Christmas, the mass or the service that celebrates the birth of Jesus Christ, “the Son of Man” and “the Son of God,” is the beginning of the “good news of a great joy that will come to all the people,” for, as the angelic messenger announced to the shepherds, “to you is born this day in the city of David a Savior who is Christ Lord” (Luke 2:10-11).

But neither the Gospels nor any of the other New Testament writings state the date of Jesus’ birth.  Our celebration of Christmas on December 25 was unknown to Christians of the first three centuries.  During that early period of the Christian Church the birth of Jesus remained unacknowledged and uncelebrated.  Efforts were expended to determine that date, but without success.  Jesus’ birth date could not be verified.  At the end of the second century Clement of Alexandria ridiculed efforts to ascertain it.  Origen protested against it because he considered it to be pagan.

Luke’s reference to the shepherds in the field suggests a time between March and November when Palestinian shepherds remain with their flocks in the field, in other words, in spring, summer or autumn.  One text from the year 243 designates March 25 as the birthday of Jesus.  In the Roman calendar the vernal equinox was set for March 25, the day that spring begins to triumph over winter, and new life bursts forth in the realm of nature.  Many Christians appropriated this cultural perspective but interpreted it according to Gen. 1:4 as the first day of creation, the day that God separated the light from the darkness.  Mal. 4:2 reinforced this perspective with its metaphorical identification of the Messiah as “the sun of righteousness” who “shall rise with healing in his wings.”  To many, a spring birthday was preferable, and April 19, May 20 and April 2 are a few of the dates that were proposed for the birth of Jesus.

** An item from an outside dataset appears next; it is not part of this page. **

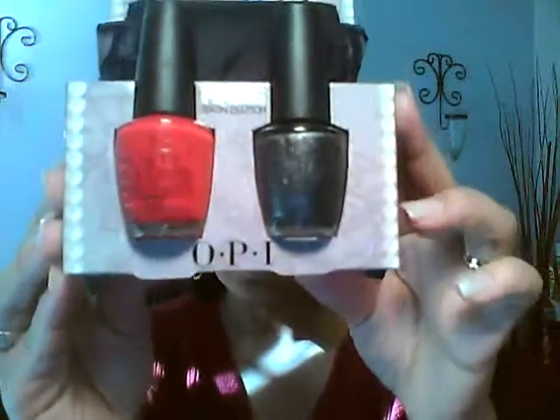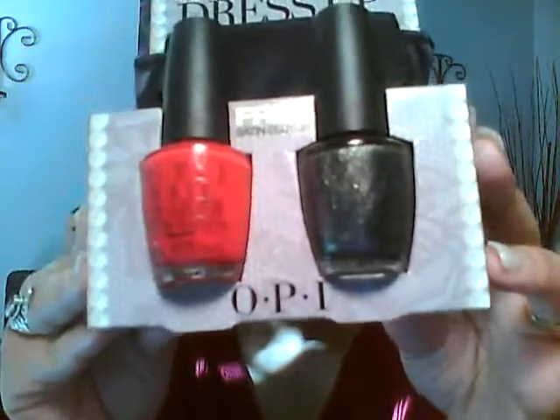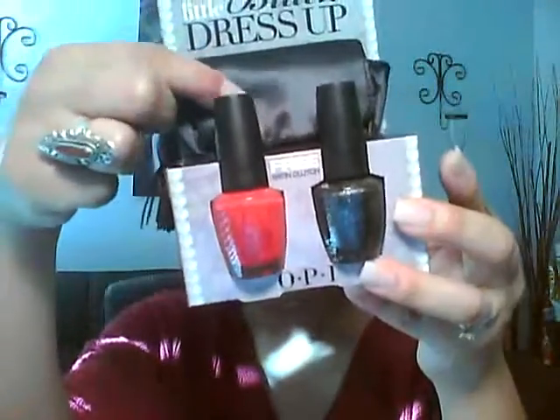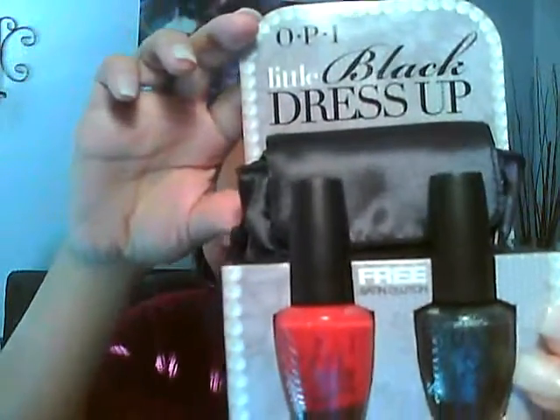The prizes are going to be this OPI Nail Polish Duo. It's a red color and a very, very dark, almost silver-black, kind of graphite color. It comes with a little satin clutch — it's really small — and that's the first prize.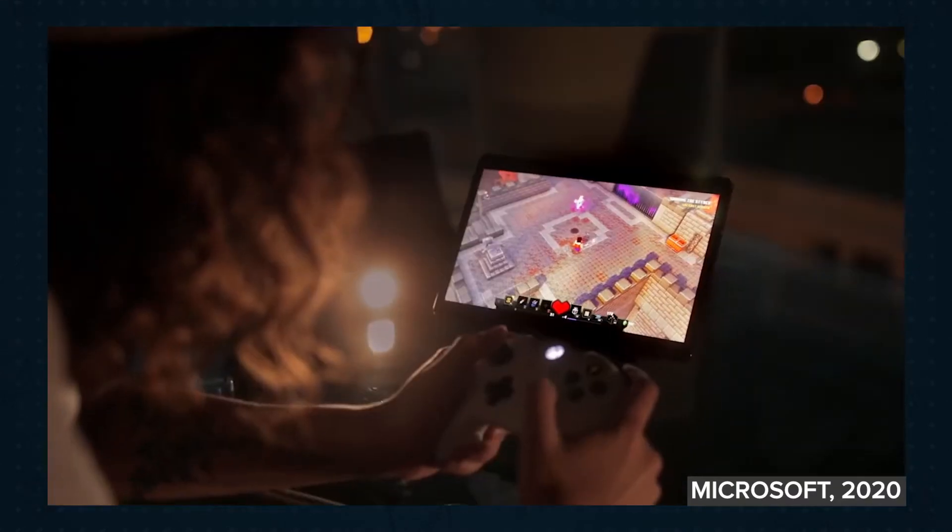Cloud gaming basically allows users to connect to a remote Xbox in the cloud so they can stream and play games on their Android devices. Unfortunately, it's not out on iOS just yet due to Apple's strict rules when it comes to game streaming on their platform. More on that soon.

Some Christians favored spring as the time of Mary’s conception.  January 6 was sanctioned as Jesus’ birth date because it was believed that Mary had conceived Jesus on April 6.  But March 25, the Roman dating of the vernal equinox, linked by Christians to the first day of creation, became the preferred date of Mary’s conception.  That, of course, advanced the birthday of Jesus by nine months to December 25, the winter solstice, the time when the sun would begin to climb into the sky, and daylight would gradually conquer the night.  December 25 may have been celebrated as the birthday of Jesus in Rome already during the reign of Constantine the Great.  In fact, it may have been Constantine himself who united the birth of Jesus with Mithraism’s celebration of the sun god on December 25 and therefore ordained that date as the birthday of a new sun god, Jesus, “the Light of the world”.  John Chrysostom in a famous Christmas sermon on December 20, 386 attempted to convince Christians that the birth of Jesus must be celebrated on December 25 because Jesus was actually born on that day.

But December 25 is not the correct day of Jesus’ birth.  The actual day remains indeterminable.  Nevertheless, the theological reflection that related Gen. 1:4 to the vernal equinox as the first day of creation and therefore also as the day of Mary’s virginal conception of Jesus as the New Adam who inaugurates a New Humanity (1 Cor. 15:45) is intensely meaningful.  Although the calendar date of the winter solstice was subsequently moved up to December 21, the celebration of Jesus’ birthday on December 25, as the light begins to overcome the darkness, corresponds perfectly to the witness of John 1:5, “And the light shines in the darkness, and the darkness has not begun to overtake it.”